Archive for the ‘Pain Glossary’ category

Back Pain – SI Joint Dysfunction

March 14th, 2010

 

Sacroiliac joint pain

 Sacroiliac (SI) joint pain has gained a lot of attention in the last ten years as an underappreciated cause of back pain with some studies indicating it is responsible for 15% to 40% of low back pain. The increased attention is due to the increasing knowledge of the SI joints intimate role in pelvic stability.  I hope more physicians consider SI joint pain in their differential after reading this article.

Pathophysiology

SI joint dysfunction due to inflammation within the joint itself is called sacroilitis. Pain from within the SI joint is common in rheumatoid patients and spondyloarthropathies.

The other cause of SI joint dysfunction stems from instability of the SI joint.  Many experts feel that SI joint pain is a component of a larger problem of pelvic instability (1). Pelvic instability has traditionally been underappreciated as a cause of low back pain, buttock pain, groin pain, and leg pain. Physical therapists and doctors of osteopathic medicine have been teaching these concepts for years but only relatively recently has this dissemination of knowledge trended towards mainstream thinking among medical doctors.
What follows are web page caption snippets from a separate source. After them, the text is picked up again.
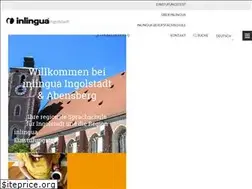 Sites similar to inlingua-ingolstadt.de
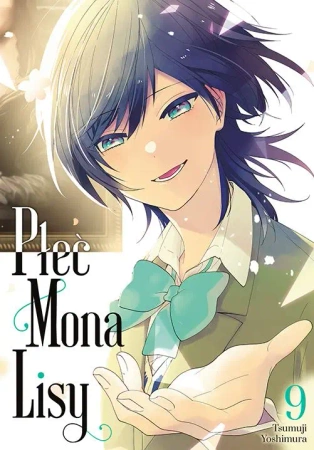 Płeć Mona Lisy. Tom 9 - Tsumuji Yoshimura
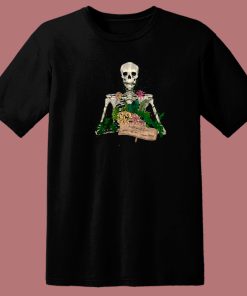 Skull Gardener Vintage 80s T Shirt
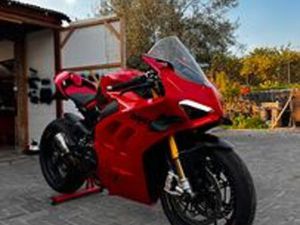 DUCATI PANIGALE V4S 2023
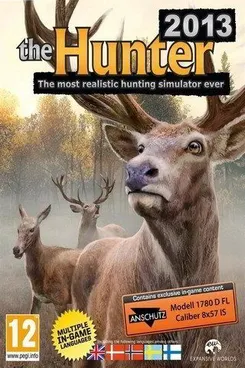 The Hunter Те Хунтер — логотип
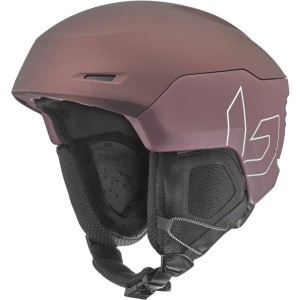 Garnet Matte Bollé RYFT PURE Ski Helmets | XQCUHM-128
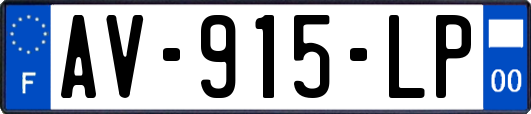 AV-915-LP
The SI joint complex (the SI joint and its associated ligaments) is the major support structure of the pelvic ring and is the strongest ligament complex in the body.  The complex consists of interosseous sacroiliac ligaments, iliolumbar ligaments, posterior sacroiliac ligaments, and the sacrotuberous and sacrospinous ligaments. The SI joints are two of the three joints involved in the stability of the pelvic ring.  The pelvic ring is the meeting place of the force vectors from the upper body and the lower extremities.  The third joint in the pelvic ring is the pubis symphysis. Pelvic instability causes pelvic rotation which can also cause twisting of the pubis symphysis.  Coupling this with its anterior location appears to provide an explanation as to why patients with SI joint instability can also experience anterior groin pain. Anecdotal evidence for this is seen when patients undergo a successful SI joint intra-articular injection relieving all of their posterior back, buttock, and leg symptoms but the patient still has groin pain. Groin pain is almost never eliminated by SI joint injections unless pelvic symmetry is corrected.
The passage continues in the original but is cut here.